McDaniel vs. Cochran
thespeechatimeforchoosing. files. wordpress. com
Republican US Senate incumbent Thad Cochran vs. Republican state senator and challenger Chris McDaniel
This is the fight that will determine whether the TEA Party movement is a viable political force, or a monumental outrage which took down the Washington Establishment, both Republican and Democrat, in Washington D. C.
Cochran has served in the US Senate since 1976, served in the House of Representatives since 1972.
Forty-one year Establishment Republican.
That’s a long time to be in Washington.
Since his election, the national debt has soured, under Republican as well as Democratic Presidents.
He has voted in line with the same subsidy system which cannot continue.
What steps has Cochran taken to end the entitlement pillage which is borrowing from our future as opposed to shoring up investments to ensure that future generations are not paying for past pleasures and comforts?
Bryan Fischer called Cochran an invisible Senator, who has done almost nothing, who has made no impact on the US Senate or the country.

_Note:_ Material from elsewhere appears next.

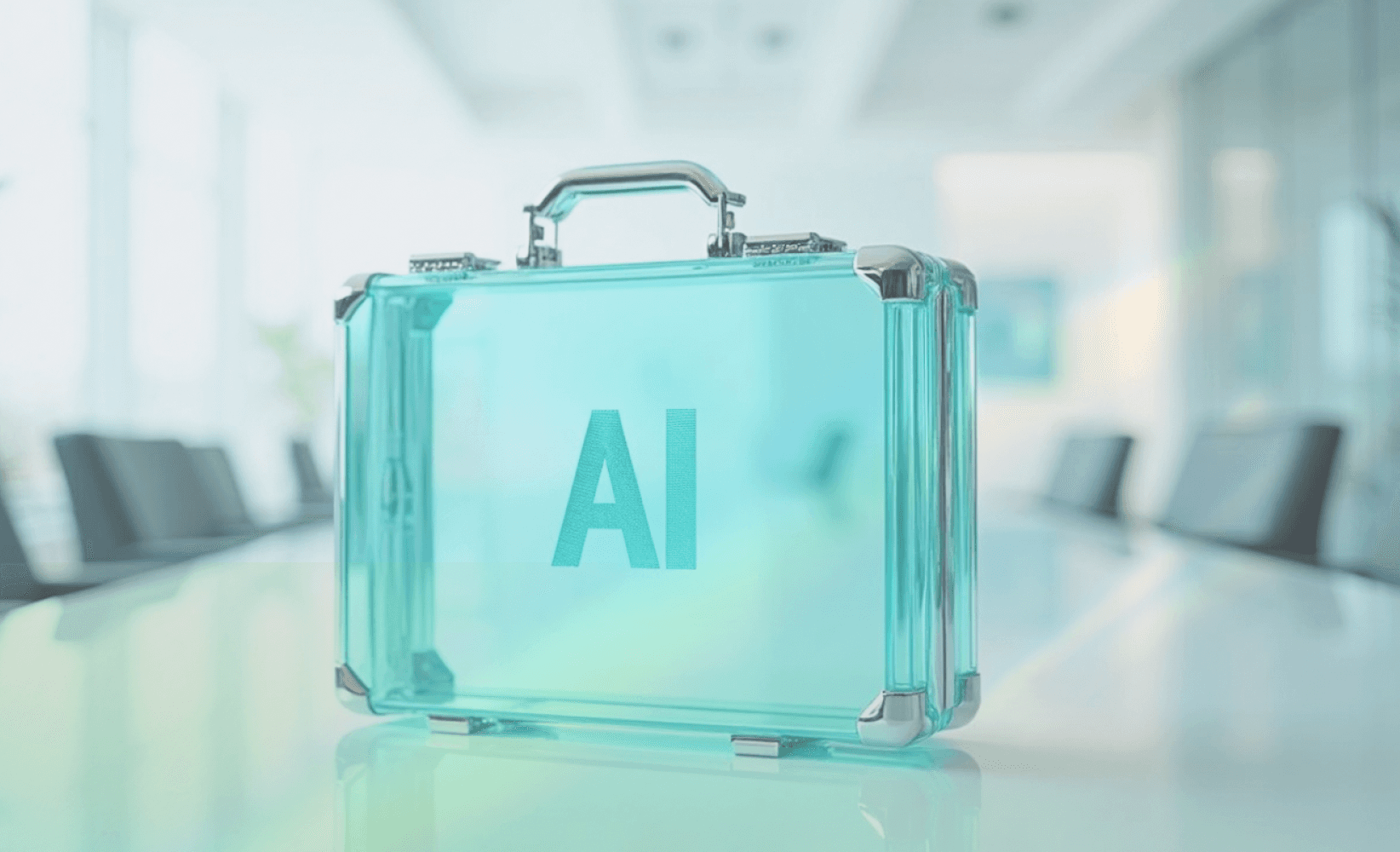 AI for sales cover image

Indeed, he is one Senator that even the most connected of avid politicos (and political scientists) would neglect to mention. A lot like the thirteenth President of the United States, for example, or who was the Secretary of State for, well, every Administration from John Adams to the Present.
McDaniel admits that he faces an uphill fight challenging Cochran.
Why is he running? On Fox News 13, McDaniel shared
:
“First and foremost, we have to balance this budget. We’re spending way too much money. We have to gain control over our spending habits if our republic is going to survive. Perhaps more importantly our Constitution has to be restored. We have to defend the First Amendment, the Second Amendment, the Fourth Amendment. We have to make inroads in making sure that individual liberties are protected, and lastly Senator Cochran voted to fund Obamacare. I am not going to fund Obamacare. I’m going to do my best to get rid of Obamacare once and for all.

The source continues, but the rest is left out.